Supplied data:
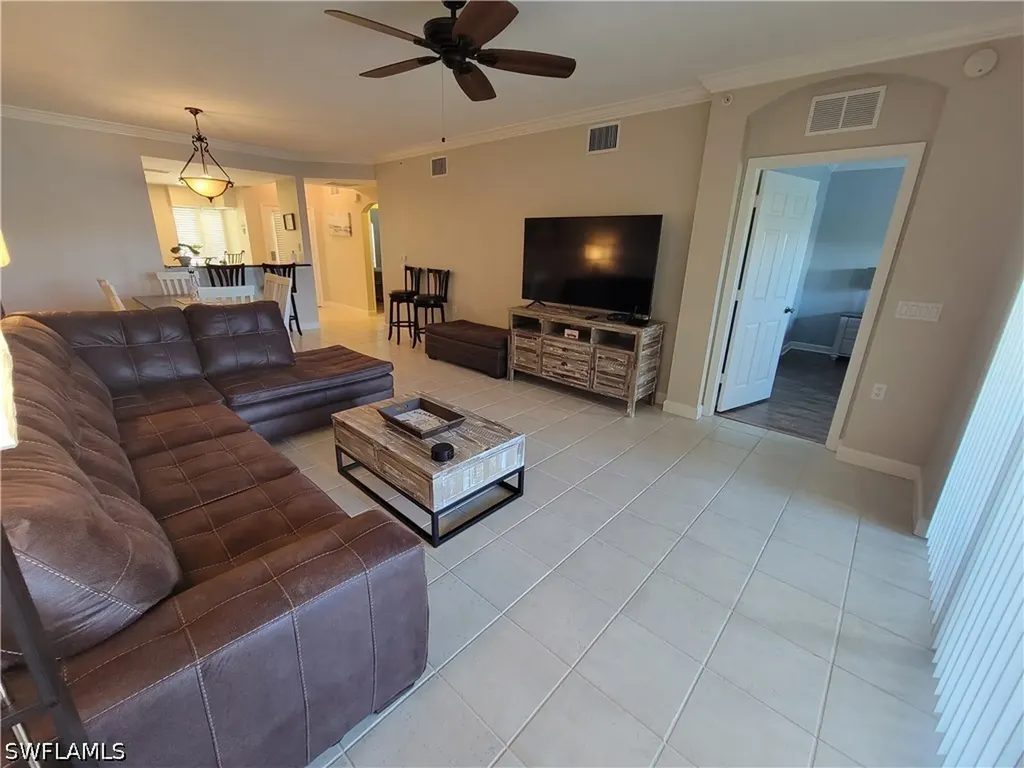 3037 Driftwood Way Naples FL 34109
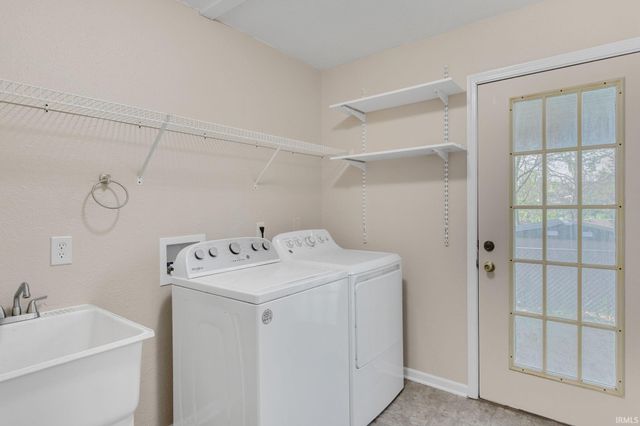 1225 S 27Th Street, South Bend, IN 46615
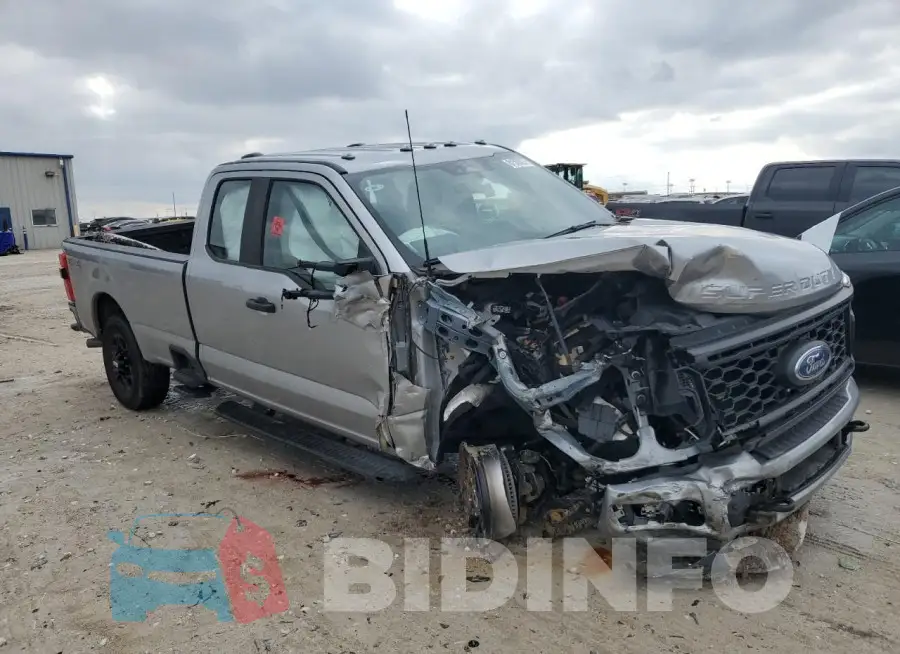 1FT8X2BN2PEC61632 Photo# 4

Exercise:
Set the listing down in full and exactly. Pictures within it should not appear in the copy.

Solution for this task:
 3037 Driftwood Way Naples FL 34109
 1225 S 27Th Street, South Bend, IN 46615
 1FT8X2BN2PEC61632 Photo# 4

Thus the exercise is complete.